TOKYO — Nanette Lepore, which just opened its second freestanding store here, is embarking on an Asian expansion drive with the help of its Japanese partner, TSI Holdings Co. Ltd.
This story first appeared in the May 3, 2012 issue of WWD. Subscribe Today.
The designer, along with her husband and the fashion house’s chief executive officer, Bob Savage, and their daughter, Violet, recently visited Tokyo to celebrate the brand’s new two-level flagship. The airy 2,217-square-foot store, which opened April 13, is located in the Ginza shopping district around the corner from the Gap and Gucci flagships. TSI, the company that resulted from the merger of Tokyo Style and Sanei International, also recently renovated the Nanette Lepore flagship in Aoyama. TSI is expecting the Ginza store to generate sales of about 100 million yen, or $1.23 million, in its first year.
“Now we have a steady and loyal clientele here in Japan just like we have in the States,” said Lepore, who said that the brand’s momentum is picking up in Japan. “When I was [last] here 11 years ago, there were these very rigid rules about what a woman could wear here and that you had to target a customer who was between 18 and 24 and then 26 to 36.…I notice that there’s a real mix going on now.…I’m happy to see that they’re breaking formula,” she said.
The designer opened her first store here about a decade ago with longtime partner Tokyo Style, but she and Savage noted that the Japanese company’s integration with Sanei has injected fresh resources to the brand.
“All of the sudden, I don’t know what happened but they decided to really invest in us and take it to another level,” said Savage.
Yasuo Yamada, a director and general manager of Tokyo Style, said it was important to give Nanette Lepore a presence in Ginza.
“We’ve always been putting effort into the brand [in Japan],” he said. “It’s been 11 years since we opened the store in Aoyama, which is an area that holds a high status for a brand. But over the past years Ginza has become a place that’s at the center of the Japanese market, so we decided that, if we didn’t open a store in Ginza, it would be difficult to gain greater brand recognition in Japan.”

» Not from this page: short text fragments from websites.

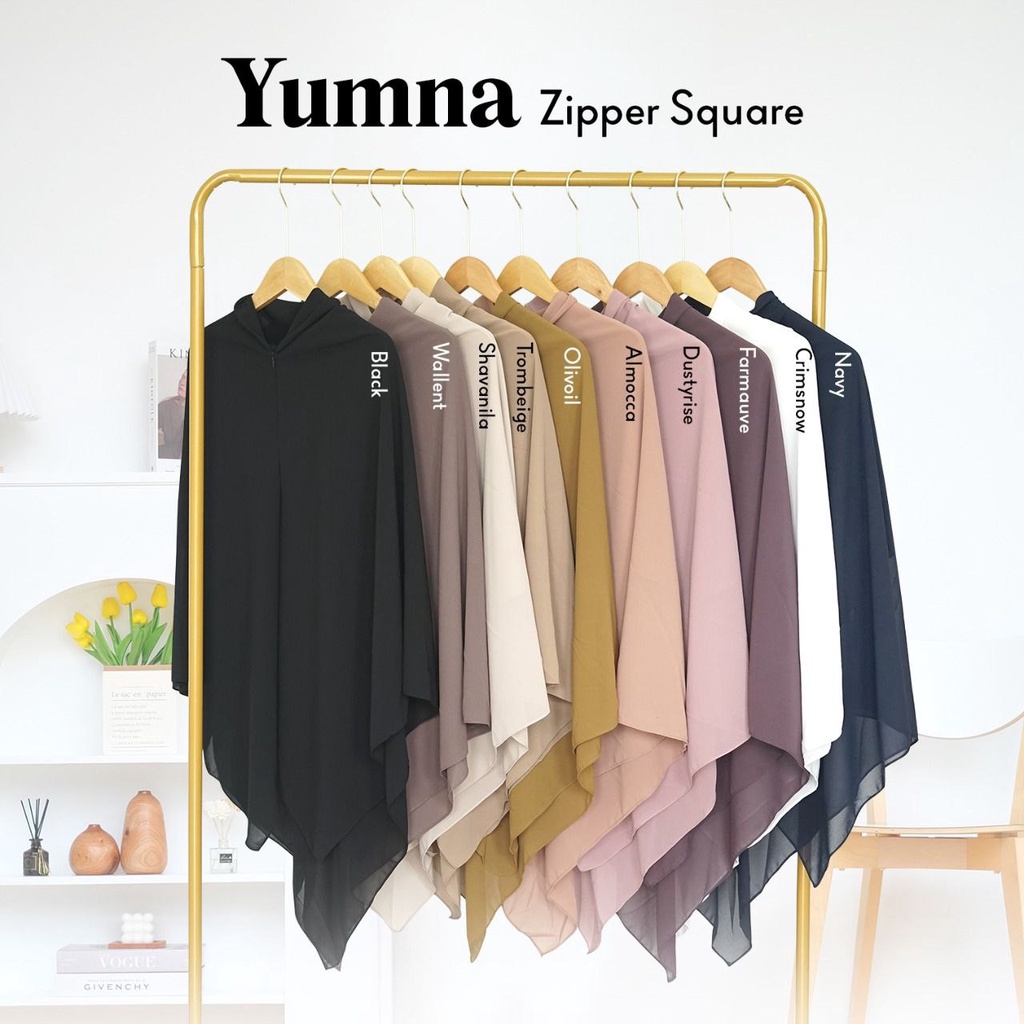 STYLISH HIJAB DAILY Hijab Instan Zipper Square Kerudung Syar'i Kekinian Yumna Zipper Square
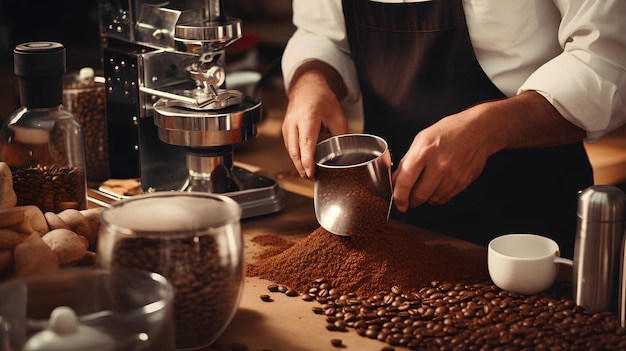 Un barista está mezclando granos de café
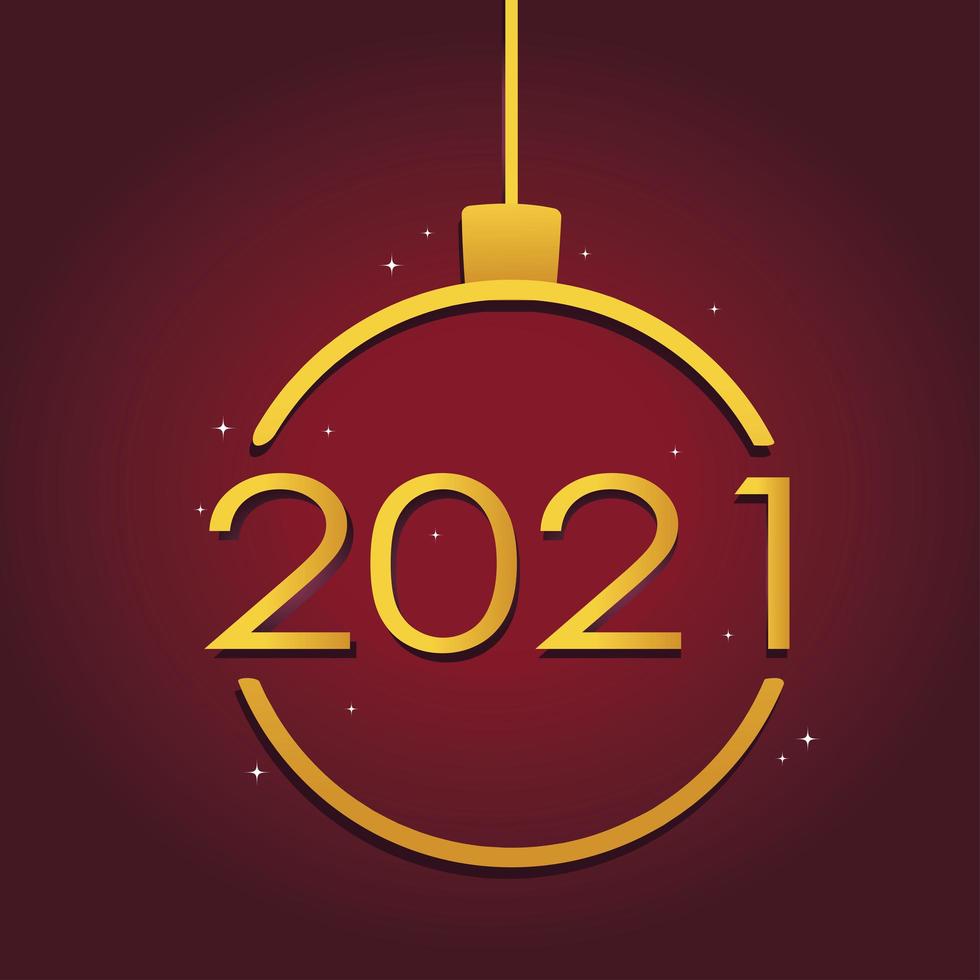 happy new year 2021 golden hanging ball decoration vector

Nanette Lepore currently has 28 stores in Japan and Yamada said TSI might add a door or two, perhaps near the western city of Osaka. The company is instead concentrating its expansion efforts on China.
In partnership with TSI, Nanette Lepore is planning to open five stores in China by September. The first, in May, will open in the city of Kunming in the southern, central part of the country. Four more stores are in the works for Hong Kong, Hangzhou, Changzhou and Suzhou. Yamada said he hopes to open stores in Shanghai and Beijing sometime next year.
“More than Beijing, we’re especially interested in Shanghai,” Yamada said. “But we were able to secure real estate in the other cities first, which is why those openings will be sooner than the one in Shanghai.”
Savage said he didn’t believe the brand’s price positioning would have worked in China some five to six years ago, but clearly that has changed.
“We’re very optimistic right now. This is a great thing for us to go into China,” he said. The executive said the brand currently does a little more than $100 million in retail worldwide ($12.33 million in Japan with TSI) but that figure will increase “considerably” with the new openings in China.
Savage and Lepore admitted that it took some time for things to fall into place with their Japanese franchisee, which manufactures many of the products sold here using design specifications from Lepore’s design team in New York. TSI has production facilities in China. But the designer said the two parties have made considerable progress over the years.
“I can’t tell the difference,” the designer said of TSI’s own product lineup and the brand’s American merchandise, much of which is made in New York’s Garment District. “We’re getting more on the same wavelength.”
Yamada said that for China, the initial merchandise offering will be imported from the U.S., in order to help build an image among Chinese consumers of a true New York brand. After seeing how things go over the first year or so, TSI may consider a manufacturing agreement for China that is similar to the one it has in place in Japan, Yamada said. The executive said that he expects Nanette Lepore’s competitors in China to be similar to those in Japan, such as Theory and See by Chloé.
In Japan, Nanette Lepore’s retail prices range from 9,345 yen, or $114 at current exchange, for a striped T-shirt from the designer’s knitwear range Oonagh to 61,950 yen, or $759, for a sleeveless silk dress with pleated details.